The problem is that it's rather easy to start taking this book a bit too seriously, especially if you are a parent. Perhaps you honestly believe that children need strict control and tight rules in order to feel loved and safe. Or perhaps your child's education and other achievements are very important to you. Or perhaps you believe that children should have a voice in the household and have reasonable control over their lives to the extent possible. It can be rather wounding and infuriating to see yourself reflected as a "Controller", a "Pusher" or an "Indulger" when you are following what you believe to be the best path.
On the other hand, I suspect all of us parent by the seat of our pants to a greater or lesser extent and we make mistakes. We're human. Sometimes we focus on our own needs or even wants and we neglect our kids a bit.

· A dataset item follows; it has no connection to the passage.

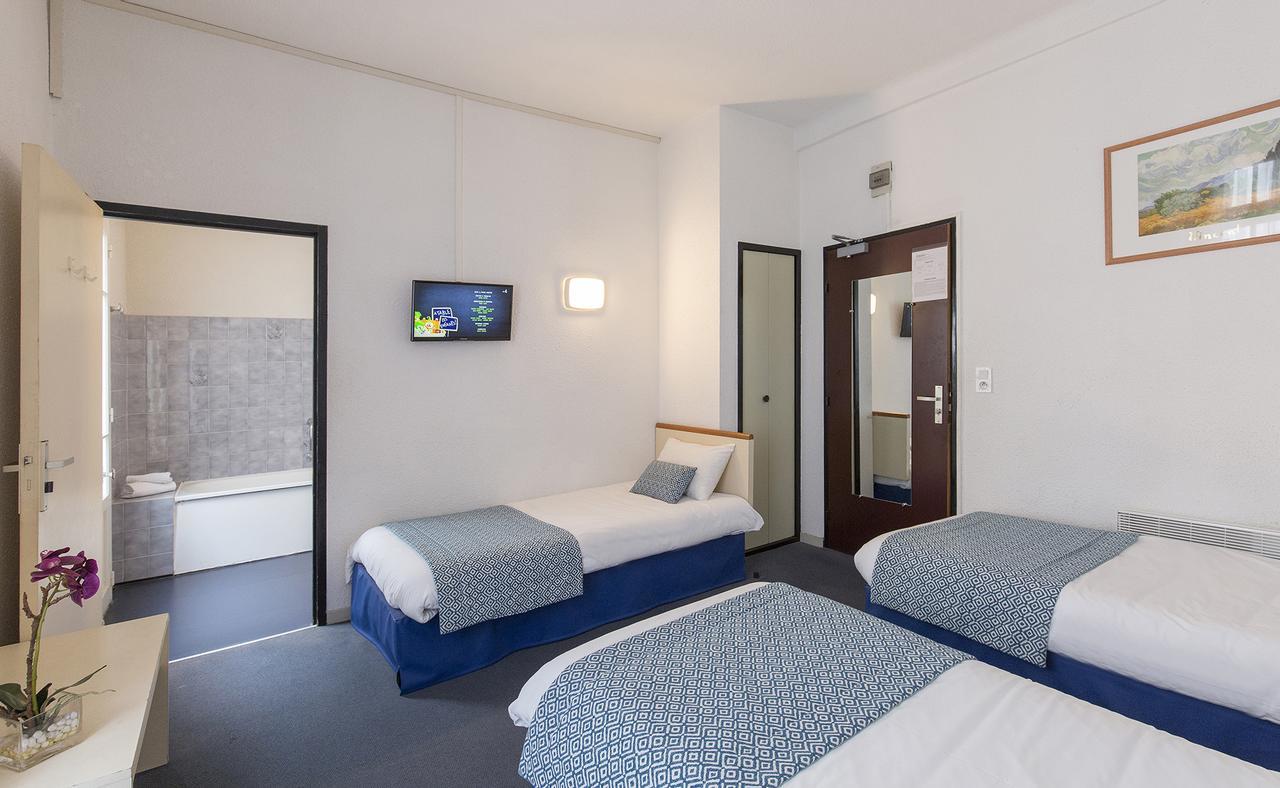 Hotel Aneto Lourdes Exterior foto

Sometimes we get frazzled and we lash out with ill-considered criticism and self-esteem killing harsh remarks. It's tough to think that we may be "traumatizing our kids when we're just doing the best we can to get by.
Non-parents will love this book. Before I had kids, I to knew everything about parenting and I was quick to judge all those rotten parents out there - the "abusers" and the "spoilers". Now that I am a rotten parent, this book hits a little too close to home.
In any case, if you are a parent and are looking for a take-away message, I think it's to strive for a healthy balance. Kids don't need their every whim indulged, up to and including a $97,000 mini Ferrari. On the other hand, it's tough to be little and subject to the constant dictates of adults. Allowing your child to control areas of his life that he's capable of is probably a good thing. Likewise, a reasonable amount of (and the right kind of) self-esteem is certainly healthy for kids to feel competent and loved, but self-esteem is not some fragile thing that needs to be built up at every turn (especially not falsely, as that actually undermines self-esteem). Use common sense, do the best you can, and just laugh at yourself (and others) to the extent you see yourself in this book.
28 of 28 people found the following review helpful.
Looks like it's working; will report back in 18 years.
By R
Looks like it's working; will report back in 18 years.